「地を這ってつかむ喜び」 1988年11月1日
我が子の障害(高度難聴)を知ってから、今日までそれは多くの戦いがありました。
それは世間の価値観との闘いのようでありながら、実は自分の中に深く潜んでいる、障害者に対する絶望感でした。声を出すための訓練、言葉を覚える訓練、普通は誰でも自然に身につけていくことに、死にものぐるいの努力が必要になるのです。初め私はなんと割に合わないことかと思いました。
誰もがかっこいいスニーカーを履いて、駆け抜けて行く道を、這いながら進むのです。時には走ってきた人に蹴飛ばされつつ進むのです。子供が小さい時、その障害を親が負います。訓練にどこまで耐えるか、どれほど熱心になるかは親次第だからです。まず、親自身、這ってしか進めないことを認めて、受け入れ、地に手をつかなければなりません。それまで目にしていた、周りの人は全く見えなくなり、一緒に這う子だけを見つめます。
マイペースで、しかし決してあきらめず、一歩一歩何も見えず、何の目当ても見当たらないような努力が続きます。そして、ある時、子供の中に、障害を乗り越えようとする、たくましい変化を見つけて、思わず「やったね!」と叫びます。それは誰かをけ落とした喜びではありません。とても純粋な喜びです。

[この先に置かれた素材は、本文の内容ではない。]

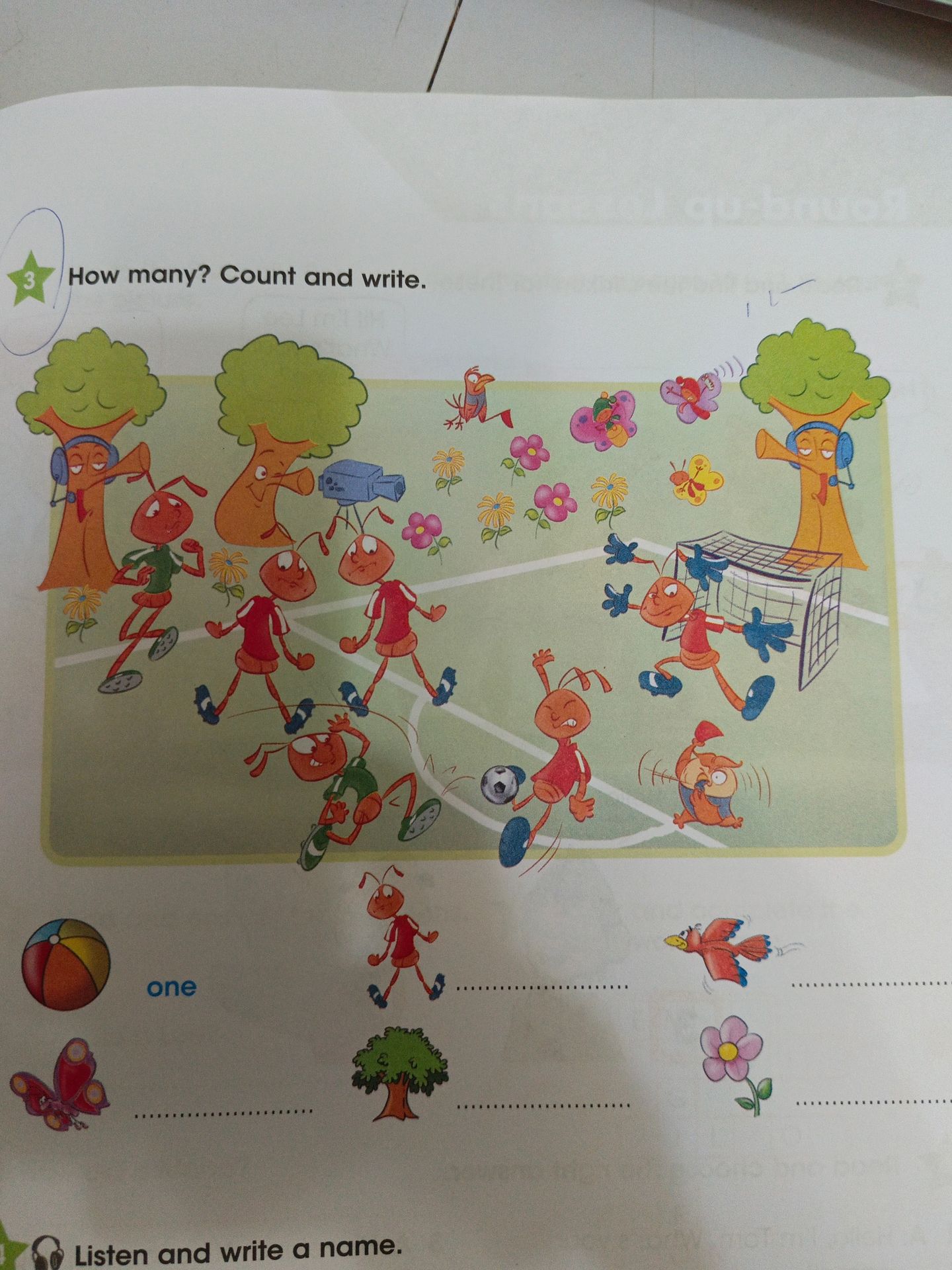 Фото задания: How many? Count and write. Count the ants, birds, trees and flowers shown in the picture.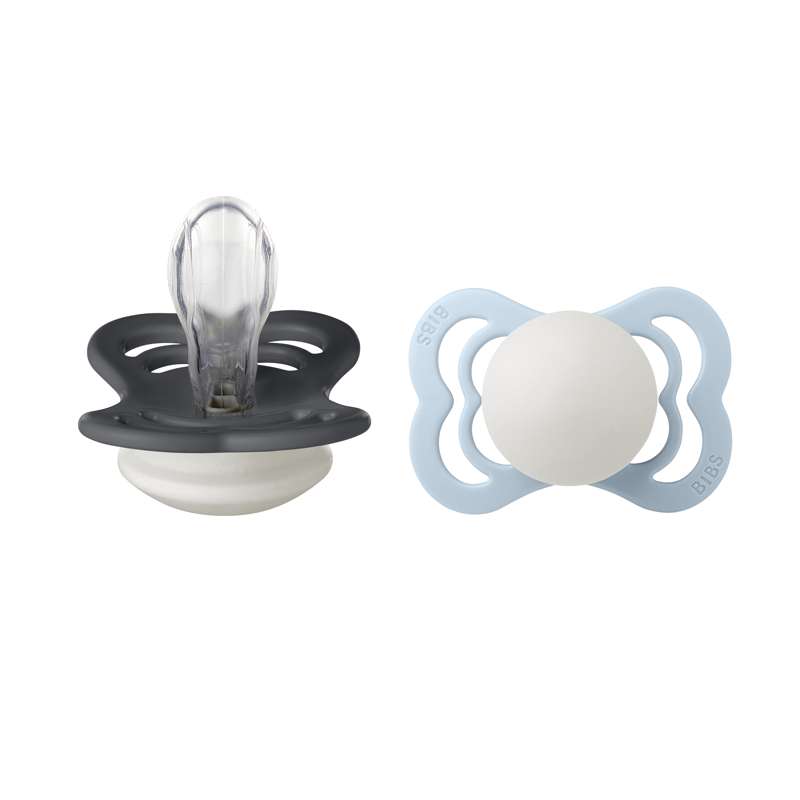 BIBS Chupete Symmetric Supreme - Pack de 2 - t. 1 - Silicona - GLOW - Iron/Baby Blue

今は彼も自分の足で立ち上がって、駆け抜ける人の列に加わって、おぼつかない足取りででも、歩み出そうとしています。障害ゆえに目の前まで来たら、突然見えない重いドアに行く手を阻まれることが必ずあります。でもどうか絶望しないでほしいと思います。その時また、恐れず地を這って、そのドアを開いたら、後の誰かが続くことができるかも知れないからです。
なんとそれは価値ある事でしょう。もうすぐ、高校入試です。知りたいことが山ほどあって、今はなかなか勉強に集中できないようです。自立しようとしている彼に、もう私のくちばしを挟むときではないのですが、やっぱり、がんばってほしいと思っています。
地を這ってきた日々の、そのがまん強さをなくさないで欲しいのです。障害を持って生まれてきたことは、無限の可能性を自分の障害の中に、示し続けることだと私は教わったからです。
また、障害は先祖のたたりか、のろい、罪の報いのように思われていて、その考えがどれほど障害者を傷つけていることでしょう。
「この人が罪を犯したのでもなく、両親でもありません。神のわざがこの人に現れるためです。」聖書はこう語っています。